Natalie Sabanadze became Georgia's ambassador to Belgium, Luxembourg and the head of the Georgian mission to the European Union in May, 2013. Prior to assuming her current position, Sabanadze worked as the senior advisor to the OSCE High Commissioner on National Minorities in The Hague. She held a number of posts with the OSCE HCNM, including head of Central and South East Europe section and more recently, head of Eastern Europe, Caucasus and Central Asia section.
Born 31 August 1975, Sabanadze studied at Swarthmore and Mount Holyoke Colleges in the United States, before obtaining her Master's in International Relations with distinction at the London School of Economics in 1999. Sabanadze then served as political officer at the US Embassy in Tbilisi.

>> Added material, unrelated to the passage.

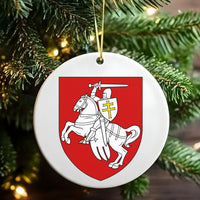 Lithuanian Vytis Knight Ceramic Ornament, Lithuania Coat of Arms Ornament, National Emblem Christmas Tree Ornament, Heritage Keepsake Present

In 2005, she completed her doctorate in Politics and International Relations at Oxford University, where she was a Dulverton Scholar. She has held visiting research fellowships at the European Centre for Minority Issues in Flensburg, Germany and at the Universidad de Deusto in Bilbao, Spain.
Sabanadze has written and lectured extensively on questions of post-communist transition, political theory, nationalism, ethnic conflict and national minorities. In 2009 she published a book Globalisation and Nationalism: The Cases of Georgia and Basque Country and in 2010 co-edited a volume with Francesco Palermo National Minorities in Inter-State Relations.